Bravissimo col suo violoncello barocco Fernando Caida Greco. Prende gli 11 Capricci di Joseph Marie Clément dall’Abaco (1710-1805), spiritosi, affettuosi, e li intercala con 12 brani nuovissimi (due per ciascuno) di sei compositori italiani di generazioni tra il 1959 e il 1977, Sonia Bo, Umberto Pedraglio, Alessandra Ravera, Paolo Rosato, Alessandra Bellino, Andrea Manzoli. Tutti abili nel guardare al modello di due secoli fa e nel non uniformarvisi. Durante il concerto dell’orchestra da camera Geometrie Variabili è una sorpresa magnifica il brano della novantenne francese Betsy Jolas: Wanderlied (2003) per violoncello e strumenti. Da qualche ricordo di Vienna ‘900 si procede verso episodi «ad effetto», percussioni vivaci, colori.

 

 

 
Poi arrivano gli elettronici tangenziali.

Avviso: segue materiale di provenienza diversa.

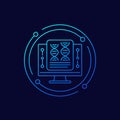 bioinformatics icon with dna, linear design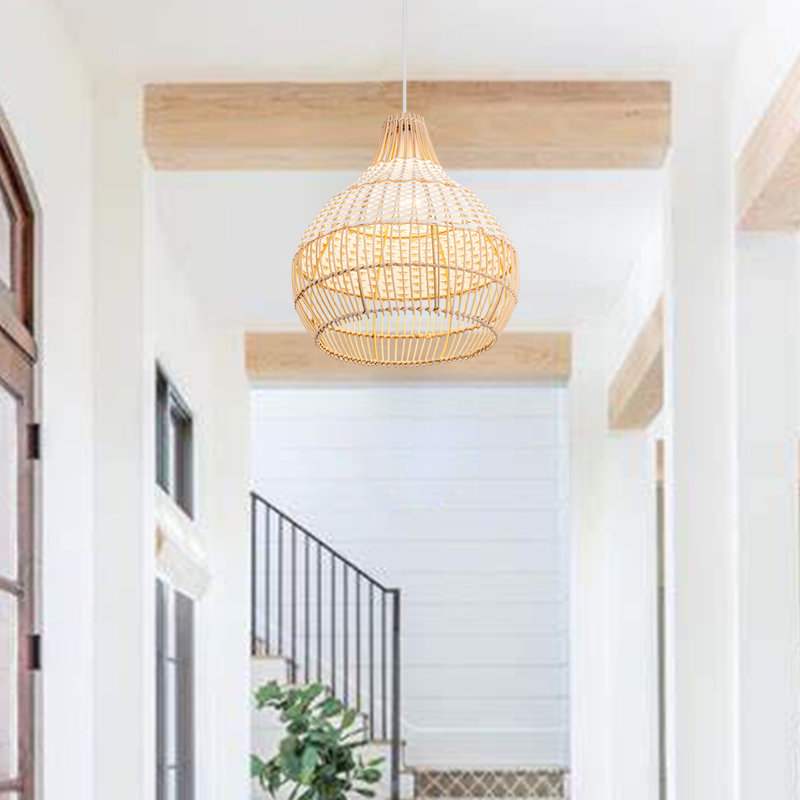 Lustre tissé en rotin 1 lumière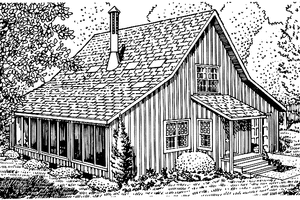House Plan Design - Exterior - Front Elevation for Cabin House Plan #320-1168 - 3 bed, 1.5 bath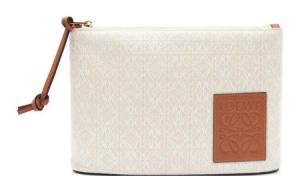 Тисненая клатч из коровьей кожи с кожаной нашивкой женский белый LOEWE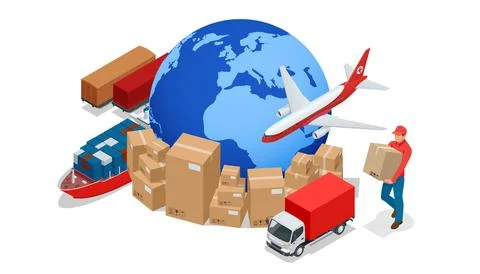 Isometric Global Logistics Network. Air cargo trucking rail transportation Illustrazione stock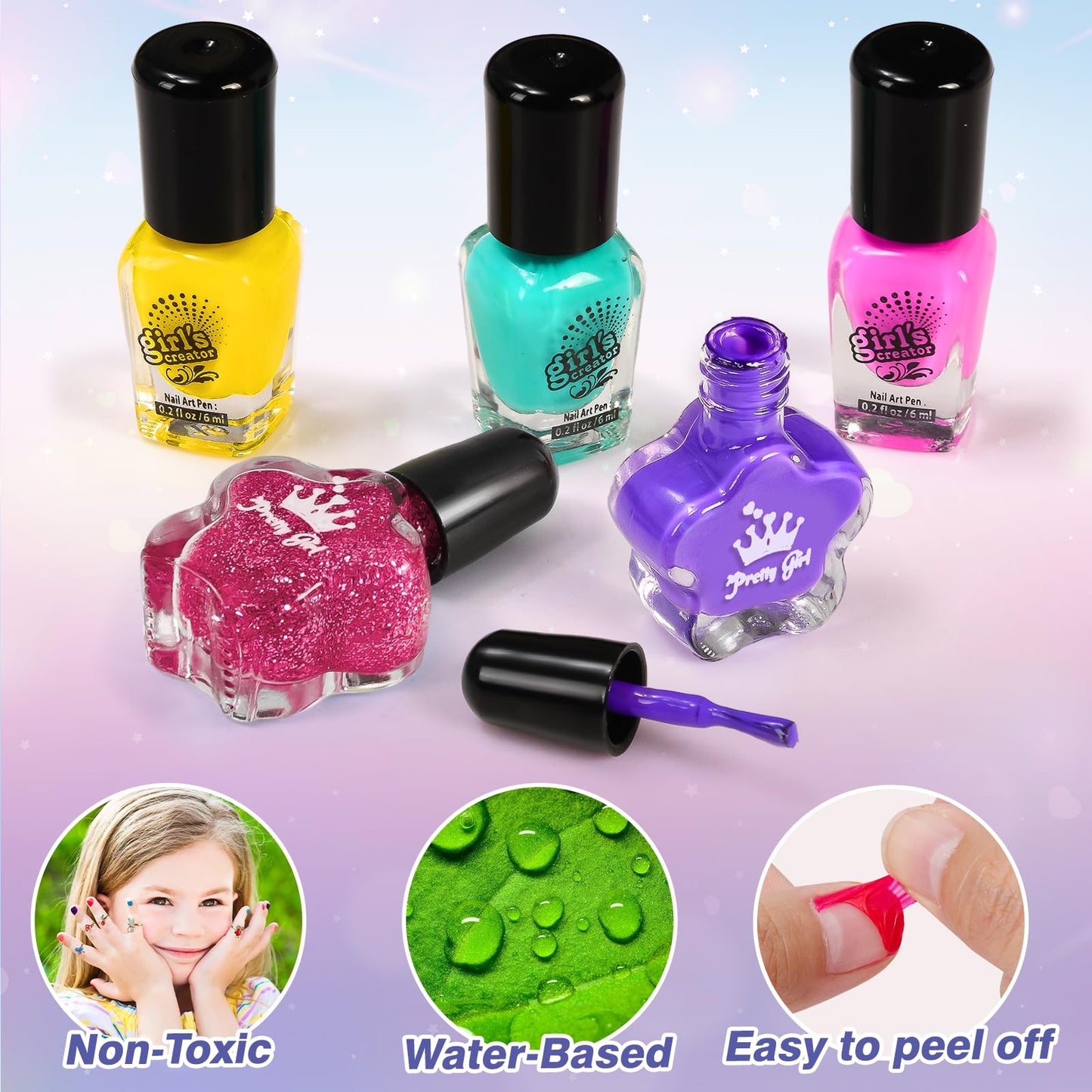 B Bascolor Kids Foot Spa & Nail Kit Set, Kids Spa Day Kit for Girls, Massage Foot Soak Tub and Nail Dryer, Manicure Pedicure Art Salon Girl Gift for 5-12, Christmas Birthday Gifts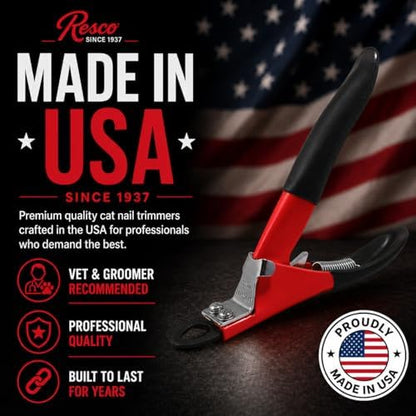 Resco Cat Nail Clippers, Guillotine Cat Claw Trimmer with Comfort Grips, Deluxe Red - Image 2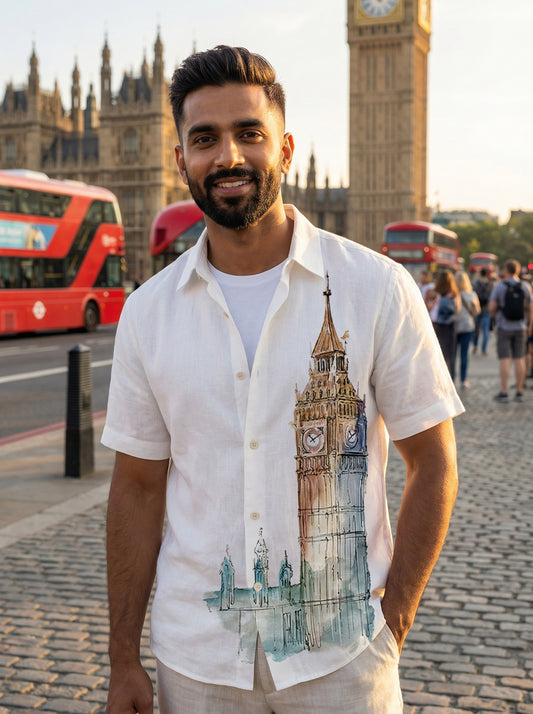 White Printed Half Sleeve Shirt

Ryo Murakami che in atmosfera un po’ gotica collabora col produttore di immagini in b/n Tatsuya Fujimoto per realizzare la prima versione italiana del recentissimo The Wall. I quattro di Tempo Reale. Si chiamano Francesco Giomi, Francesco Canavese, Francesco Casciano, Damiano Meacci e presentano la novità assoluta Symphony Device. Mettono in scena oggetti desueti (telefoni, televisori, floppy disc, ecc.) e costruiscono una vera sinfonia. Ma si sente rigidità. Ci sarebbe voluto un band-leader come Duke Ellington, forse.